* [SUPPLIED MATERIAL]

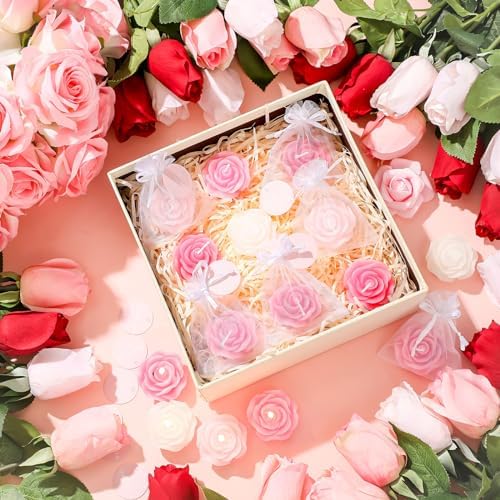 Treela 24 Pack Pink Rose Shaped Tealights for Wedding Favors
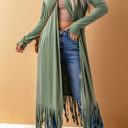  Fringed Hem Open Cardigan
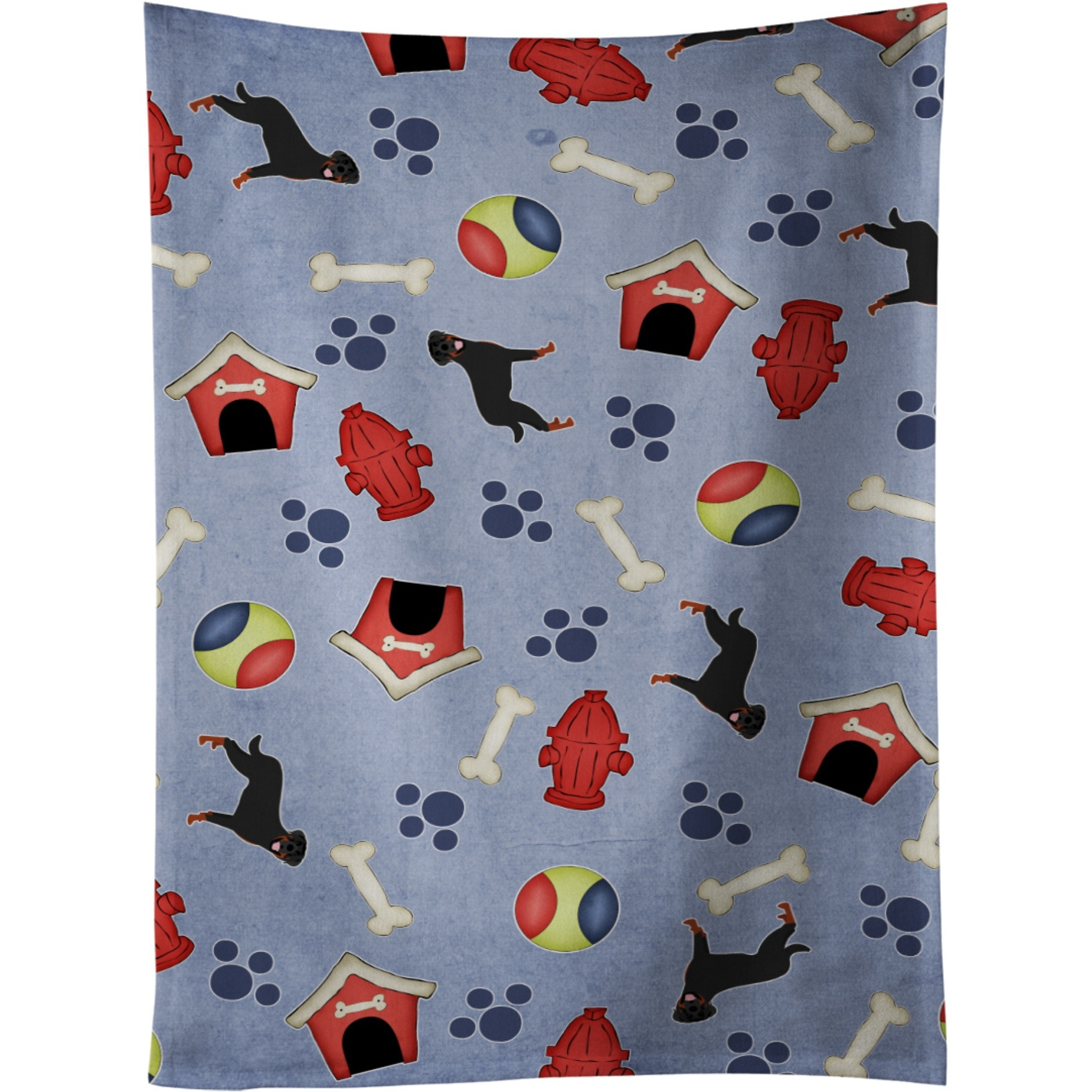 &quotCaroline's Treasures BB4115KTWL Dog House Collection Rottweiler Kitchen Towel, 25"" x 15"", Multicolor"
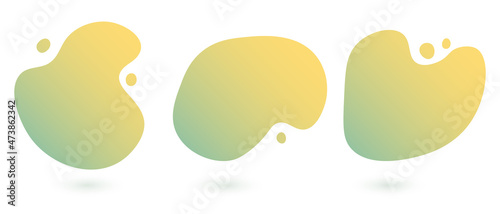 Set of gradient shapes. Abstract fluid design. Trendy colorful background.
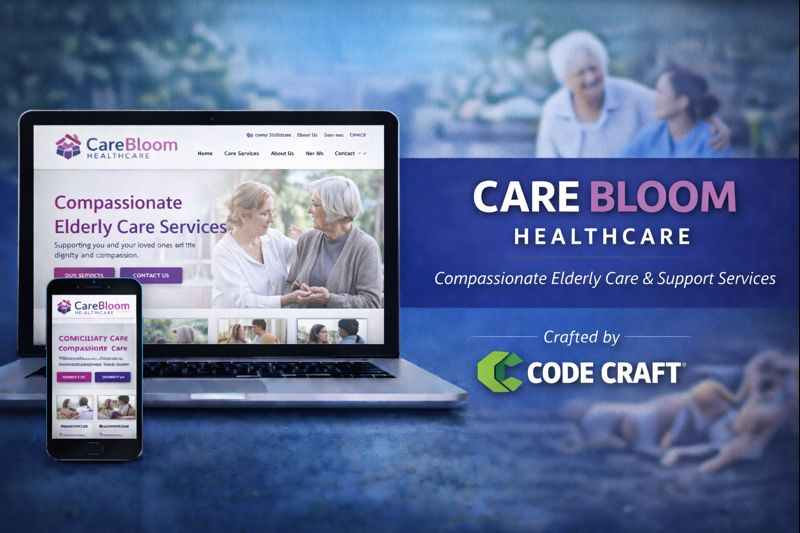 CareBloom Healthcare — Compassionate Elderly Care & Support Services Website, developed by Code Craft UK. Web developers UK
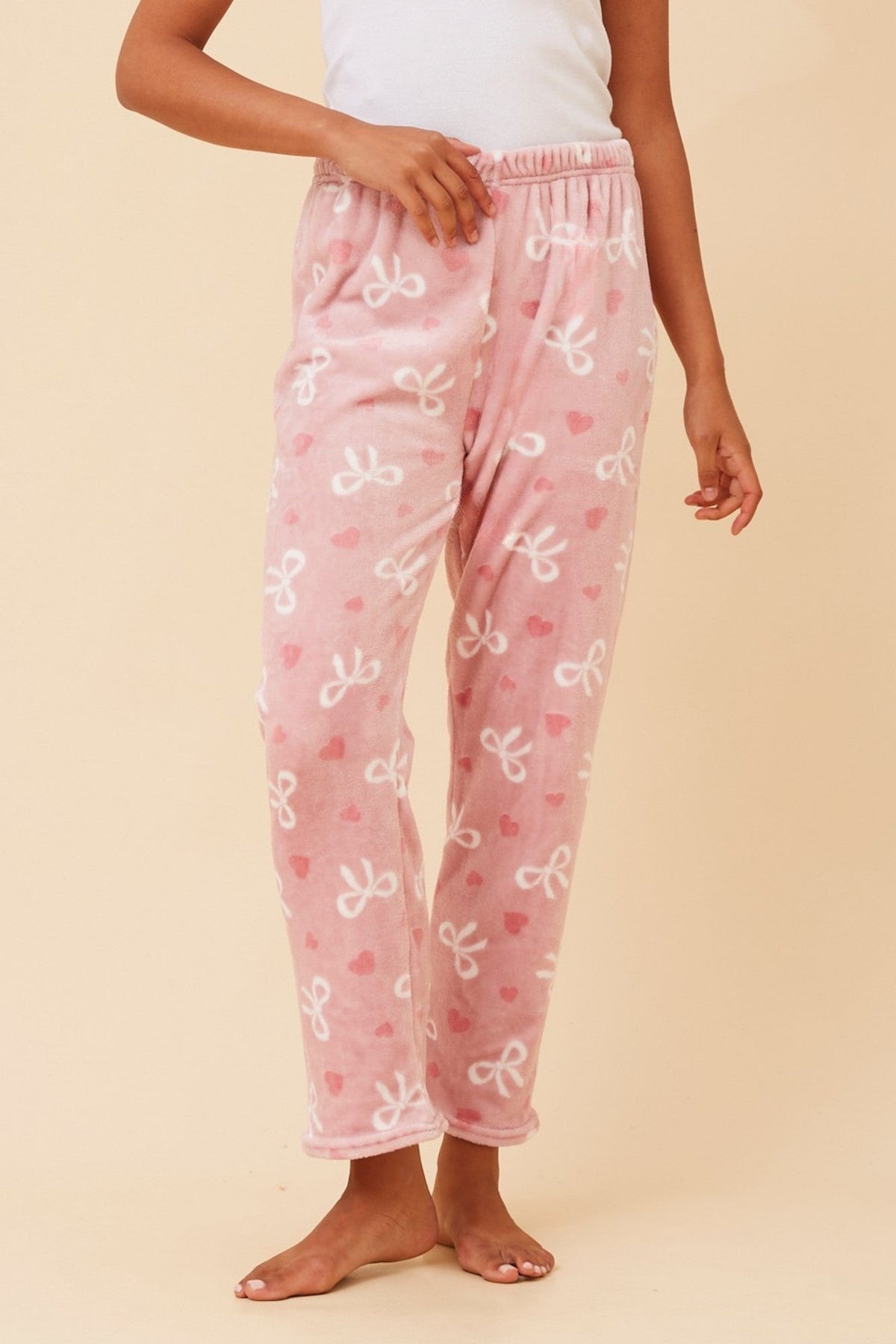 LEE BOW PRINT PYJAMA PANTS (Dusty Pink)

...

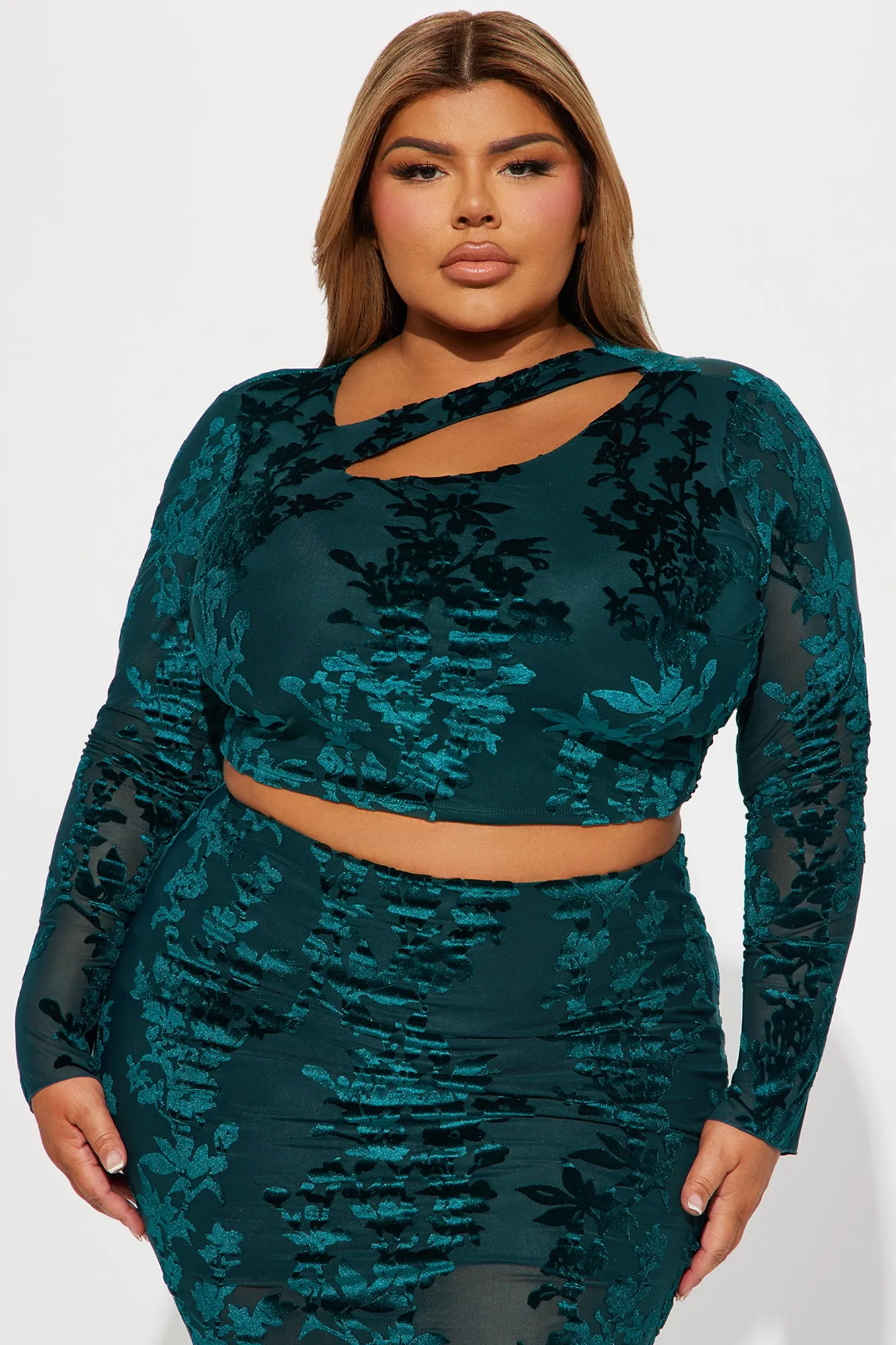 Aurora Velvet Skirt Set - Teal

* [EXERCISE REQUIREMENTS]
Once the line with "Fringed Hem Open Cardigan" has been found above, output that line and every later line exactly, stopping after the line with "LEE BOW PRINT PYJAMA PANTS (Dusty Pink)", and omit the pictures.

* [TASK ANSWER]
  Fringed Hem Open Cardigan
 &quotCaroline's Treasures BB4115KTWL Dog House Collection Rottweiler Kitchen Towel, 25"" x 15"", Multicolor"
 Set of gradient shapes. Abstract fluid design. Trendy colorful background.
 CareBloom Healthcare — Compassionate Elderly Care & Support Services Website, developed by Code Craft UK. Web developers UK
 LEE BOW PRINT PYJAMA PANTS (Dusty Pink)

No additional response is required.